The squirrels are starting to look a little better every year—not really because of anything they’re doing differently, but in light of the economic situation at least 99 percent of the rest of us are in. I figure it’s only a matter of time before the squirrel population in at least some parts of Sacramento goes into noticeable decline.
So here are a few helpful hints.
The first thing you need to understand about squirrels is that they are really rats of the canopy. This is based on the scientific facts that both will eat damned near anything, and both will gnaw on anything else until it becomes a fire hazard.
The key difference is that squirrels are somewhat more edible.
I can’t tell you what a rat tastes like, and I hope it never comes to that. But eating a squirrel, while difficult, need not be considered impossible. In fact, with only a small adjustment to one’s expectations and a somewhat larger adjustment to one’s cooking skills, just about anybody can learn to enjoy squirrel, rather than simply endure it as one of the inevitable stations of declining empire.
A second key fact to bear in mind is that many cultures, including various American subcultures, eat squirrel to this day. Obviously, they have worked at the problem and at least come to an acceptable compromise, so all we need do is absorb a few more quirks into our infinitely flexible national persona.
As far as that goes, hardly an American pioneer made it through youth without becoming an expert hunter of squirrels, and this is equally true for nearly any European transplant or native of the continent, as far as I know.
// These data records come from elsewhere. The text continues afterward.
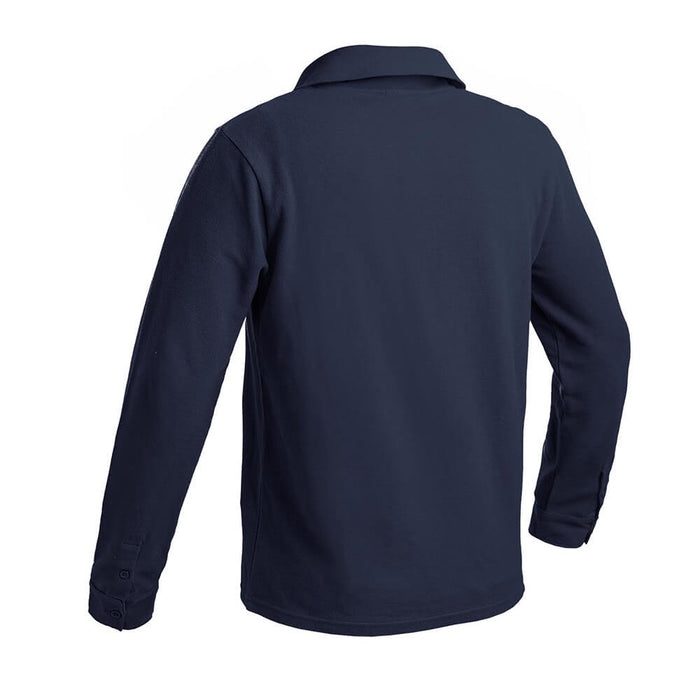 Chemise F1 Bleu Marine vu de dos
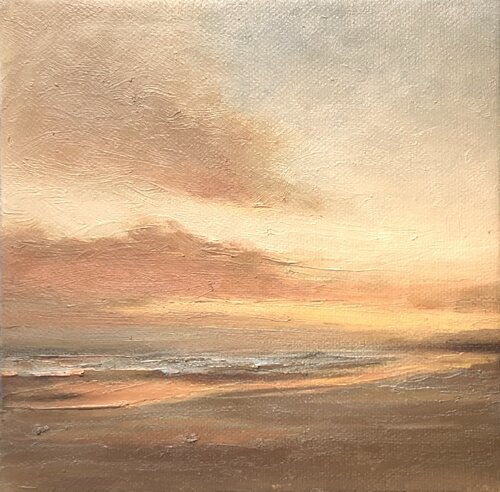 Where Light Becomes Feeling by Alena Post, Painting for Sale on Select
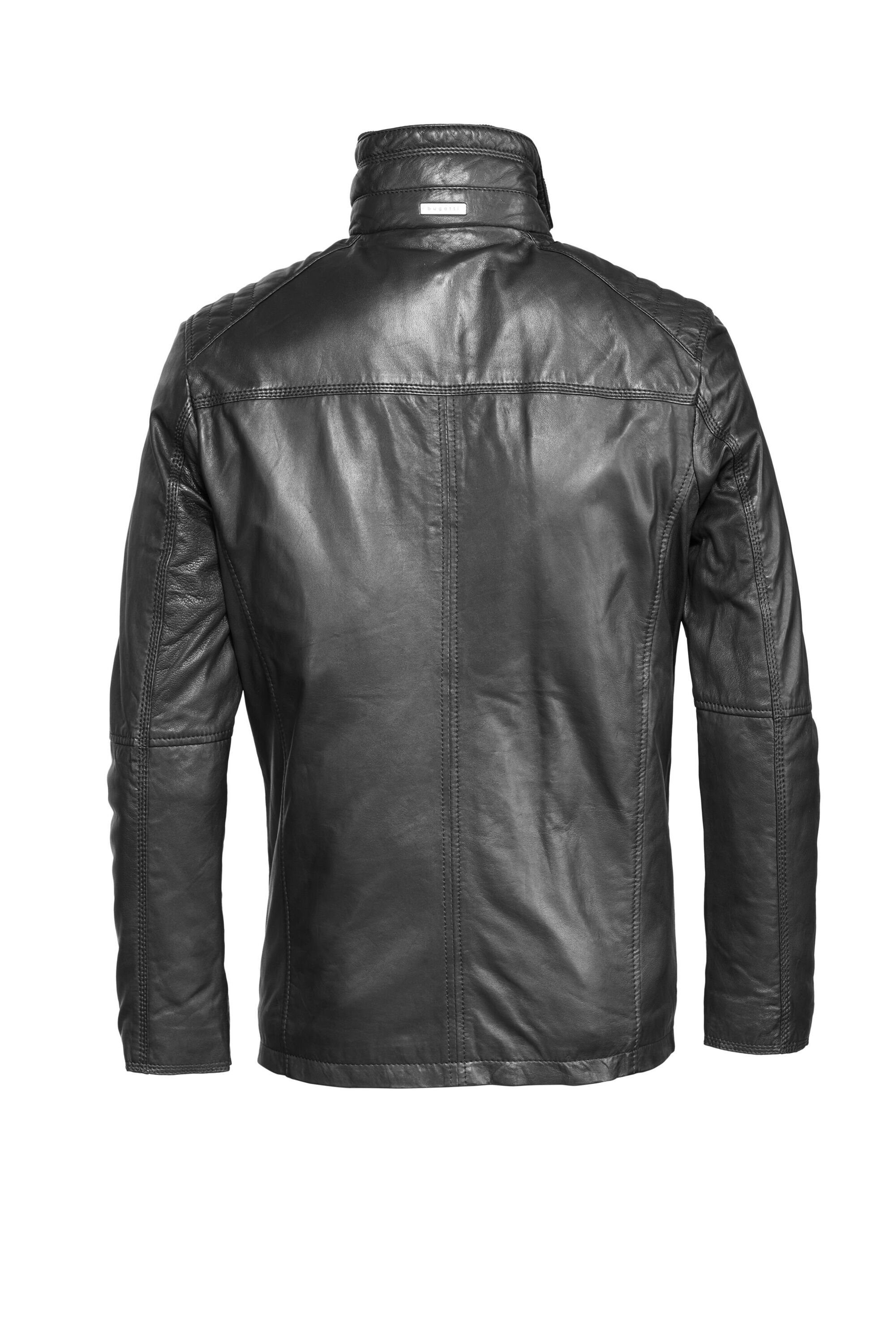 bugatti Lederjacke BUTIZIANO (1-St) aus hochwertigem Leder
Manifest Destiny itself relied on squirrels to feed the teeming masses in the absence of larger game, which was not uncommon with the woods full of pioneers. Daniel Boone, for instance, is said to have made it a specialty to “bark” his targeted tree rodents, because the 50-caliber musket ball used in his legendary Kentucky rifle, right on target, would punch a saucer full of meat out of a creature assembled by the tablespoon. Barking required hitting the squirrel’s perch, usually a tree branch, near enough the squirrel’s beady but pestilent eyes to stun the creature with shrapnel, then dashing across the woodland floor, when it fell, before it blinked itself awake and administering a coup de grâce.
As youths, of course, we hunted squirrel. This was decades ago and hardly seemed odd at the time. Many a junior-high lunch hour was spent comparing notes on squirrel habitat, weapons of choice and ammo. Once in a while, we got one.
We had an uncle who had grown up in the Depression, so naturally he knew all about cooking squirrel. He “zimmered” it. The little bodies were jointed into clumps of miniature anatomy: a leg bent sharply under taut ligaments, streaks of fat, bones more bird than animal. It bubbled along in the pan with some onions, apparently some milk and splashes of wine—probably white—and lots of black pepper. The uncle was of the old school, meaning he had learned his cookery at a logging camp, more or less as punishment, and left open a standing offer to hand over his culinary duties as effective prior retort to any criticism.
Thus, we ate squirrel as well, ate least once or twice. It was tougher than an A&W burger, probably not as tough as a shoe. But somewhere between those extremes, improved but not perfected by the uncle, the wine, the onions, the atmosphere and the 10-mile hike over steep mountain trails required to fill a pan with squirrel bits. We chewed our squirrel and learned to like it.
The point is, they are reproducing and multiplying all over town, while things just get tougher for everyone else. They steal every pecan from the pecan tree before it ripens, and they do the same thing to the walnut. Which is all well and good, as far that goes. But then they go after the strawberries and the loganberries, which I don’t think is right.
I don’t mean to imply that anyone should try anything illegal, immoral or in any way out of line. But if a squirrel should be killed—say by falling from a tree—and one still hasn’t quite caught up on the bills, one should at least consider whether it would have wanted its life to have any meaning, where the word “meaning” means “contributing to the survival of somebody bigger than you, who owns a car and more than one pair of pants.”
The meaning of the word “zimmer,” we were told, is “accept the inevitable.” It is from an obscure American dialect. Just like most of us.